◆ **Aim of the exercise**: Give back the full listing exactly, setting the pictures aside.

◆ **Material provided**:
= Beginning of Section =
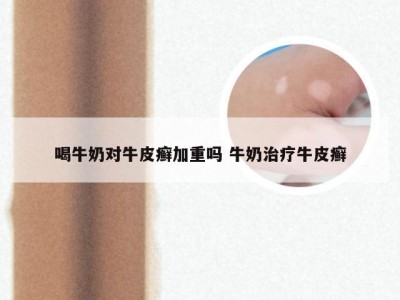 喝牛奶对牛皮癣加重吗 牛奶治疗牛皮癣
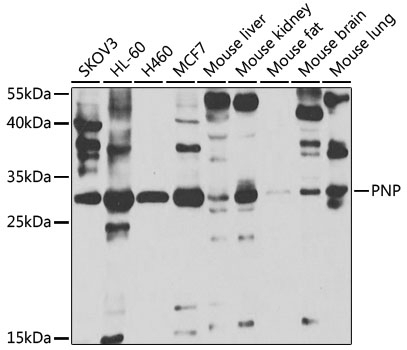 PNP Antibody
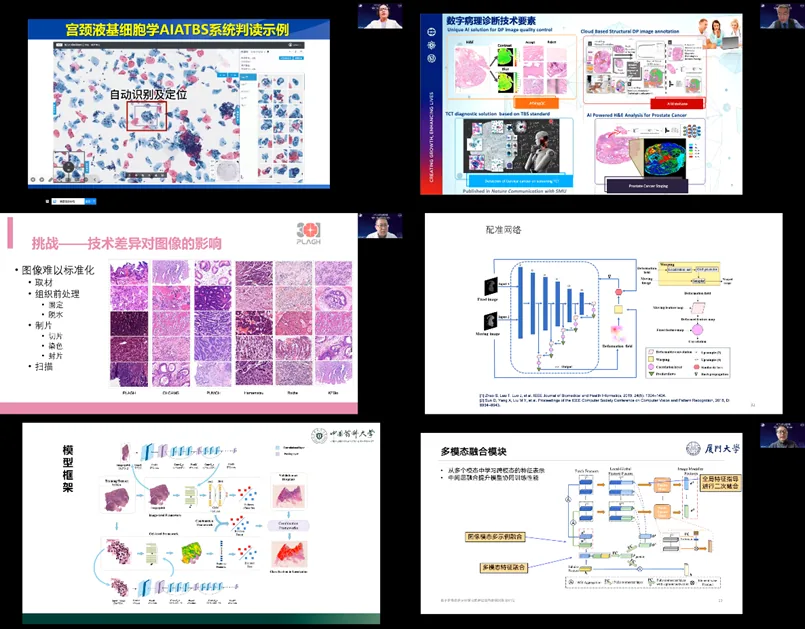 MICS Computational Pathology Special Topic and the Second Computational Pathology Symposium were successfully held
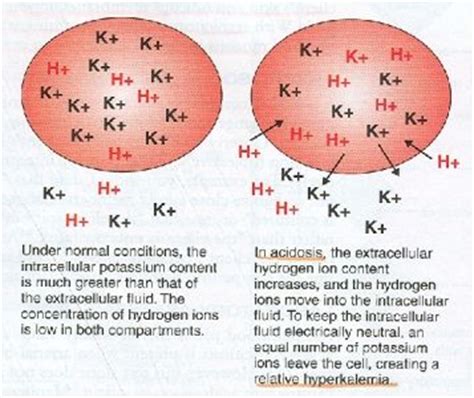 Pin by Connie McGee on Nursing (Acidosis, Alkalosis) | Pinterest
= End of Section =
◆ **Answer box**:
 喝牛奶对牛皮癣加重吗 牛奶治疗牛皮癣
 PNP Antibody
 MICS Computational Pathology Special Topic and the Second Computational Pathology Symposium were successfully held
 Pin by Connie McGee on Nursing (Acidosis, Alkalosis) | Pinterest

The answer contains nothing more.